Monday 5 November 2012

Bonfire Night and Halloween

A hearty greeting of "Happy Guy Fawkes Day" from a dear American friend has prompted this post. That's not a greeting we Brits tend to use, but it's well-meant and perfectly understandable given the American custom of saying "Happy Halloween"; again, that is not something you often hear in the UK. Before anyone concludes that we're a miserable bunch, we do say "Happy Christmas", "Happy Easter", "Happy New Year" and "Happy Birthday"!
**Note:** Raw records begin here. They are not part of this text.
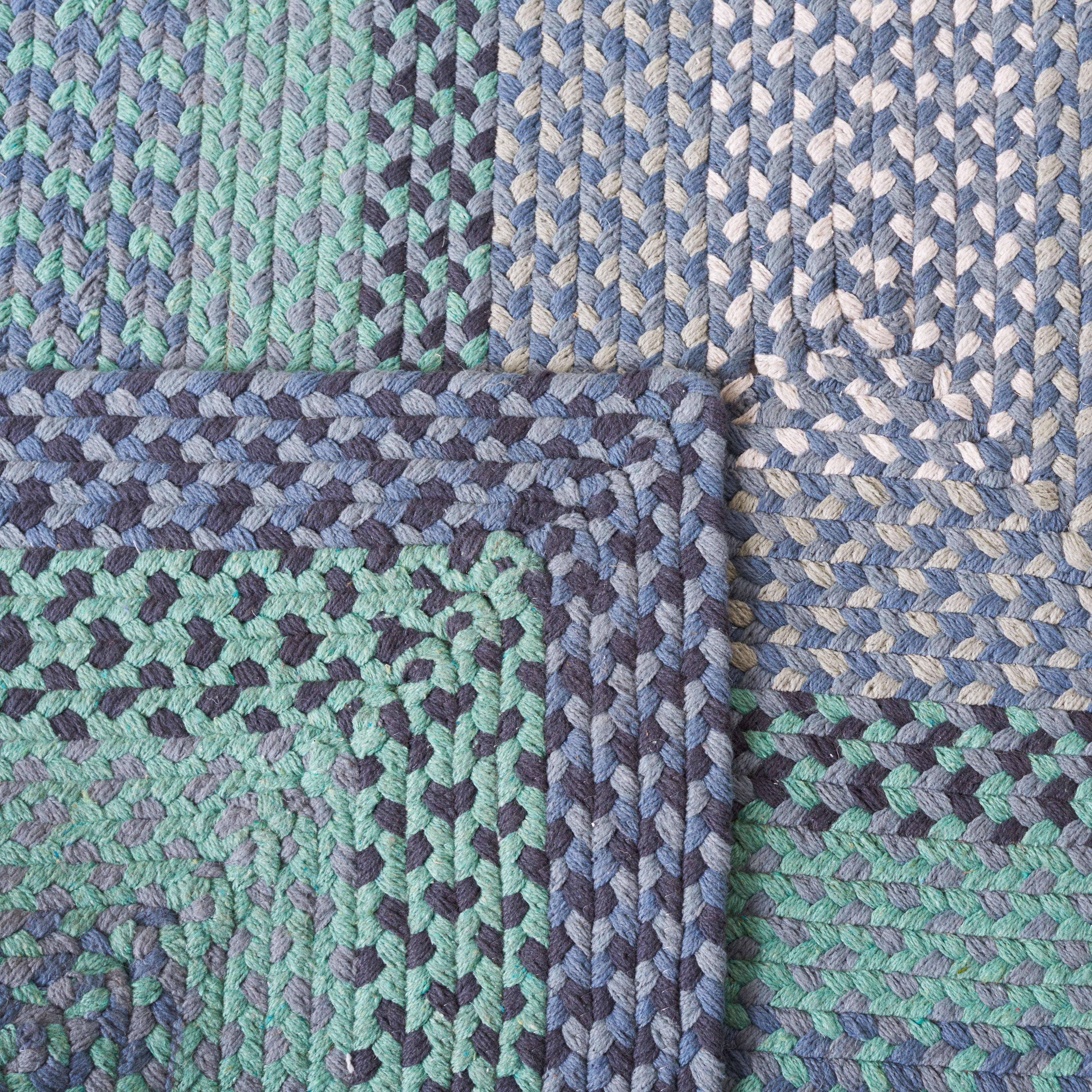 SAFAVIEH Braided Claes Bordered Reversible Area Rug, Gray/Green, 8' x 10'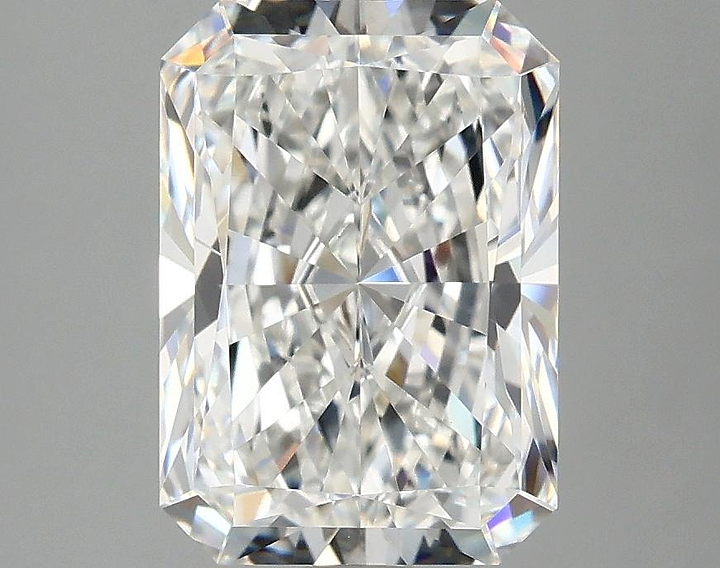3.08 Carat Radiant Shaped Ideal Cut VVS2 IGI Certified Lab Grown Diamond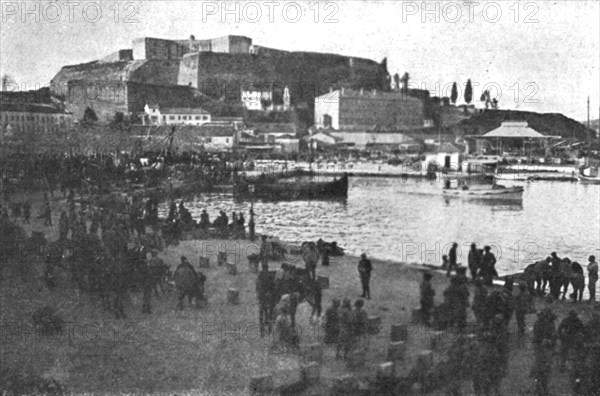 'Une base Allemande en Adriatique: L'occupation de Corfou; Le matin du 11 janvier...', 1916. Creator: Unknown.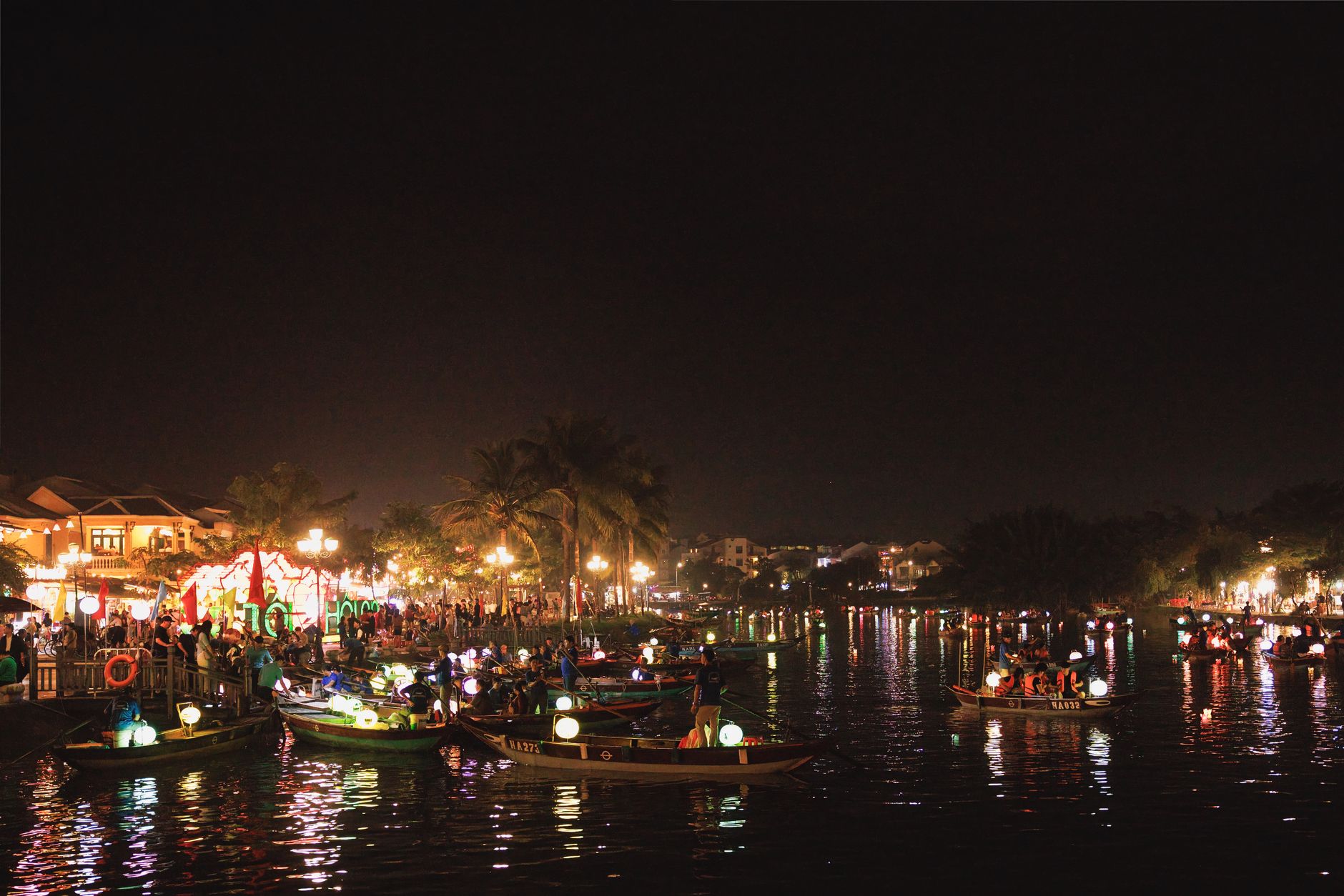 สำรวจเมืองเก่าฮอยอัน: มรดกโลกแห่งเวียดนาม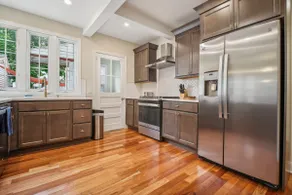 An Urban Paradise near ALL - The Entire Home - Image 5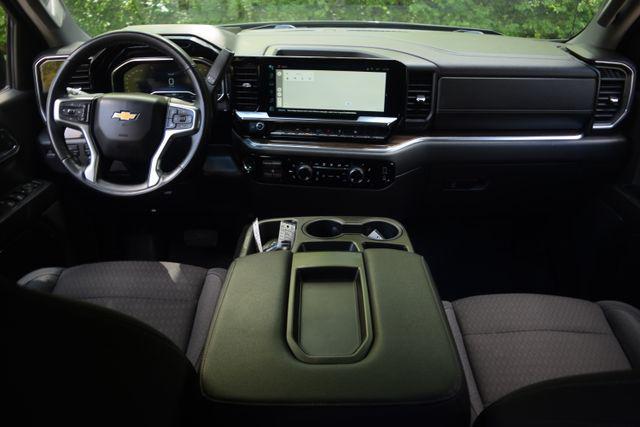 2023 Chevrolet Silverado 1500 4WD Crew Cab Standard Bed LT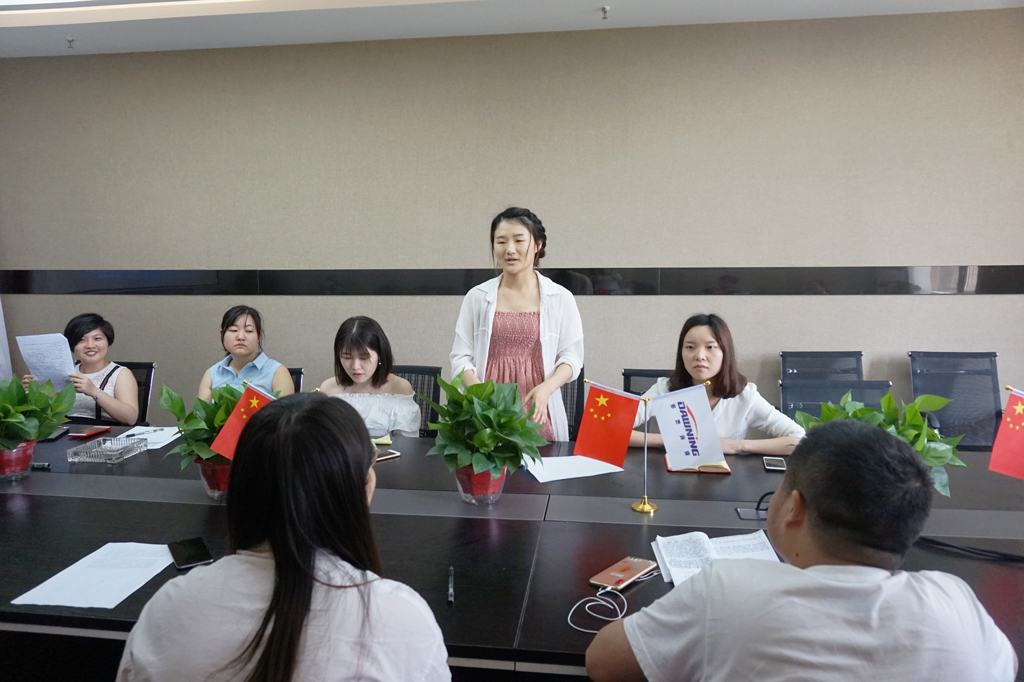 蘑菇传媒视频市場(chǎng)部,辯論(lùn)賽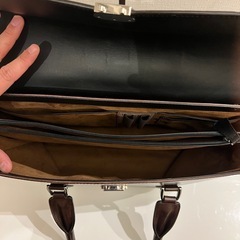 ベルルッティ エミーオ スクリットレザー ブリーフケースの画像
The Wikipedia article about Guy Fawkes Day, or as we more commonly call it, Bonfire Night, says "...another old celebration, Halloween, has lately increased in popularity, and according to some writers, may threaten the continued observance of 5 November." Halloween (sometimes spelt Hallowe'en to give us more of a clue that it is the eve of All Hallows' or All Saints' Day) is often seen as an American import that has grown massively in popularity in recent years. In my childhood hardly anyone carved pumpkins, held Halloween parties or did trick-or-treat, but now nearly all children will do those things. One thing that intrigues me given my evangelical Christian formative years is that Halloween seems to be an acceptable celebration in the much more strongly evangelical US, whereas in many of our churches it was (and still is to some extent) a no-no seen as having heavy pagan connotations, to be replaced if possible by a church-based festival with nary a witch or ghoul in sight. Perhaps there is as just much variety of opinion in America, and I should be wary of seeing attitudes there as quite so monolithic.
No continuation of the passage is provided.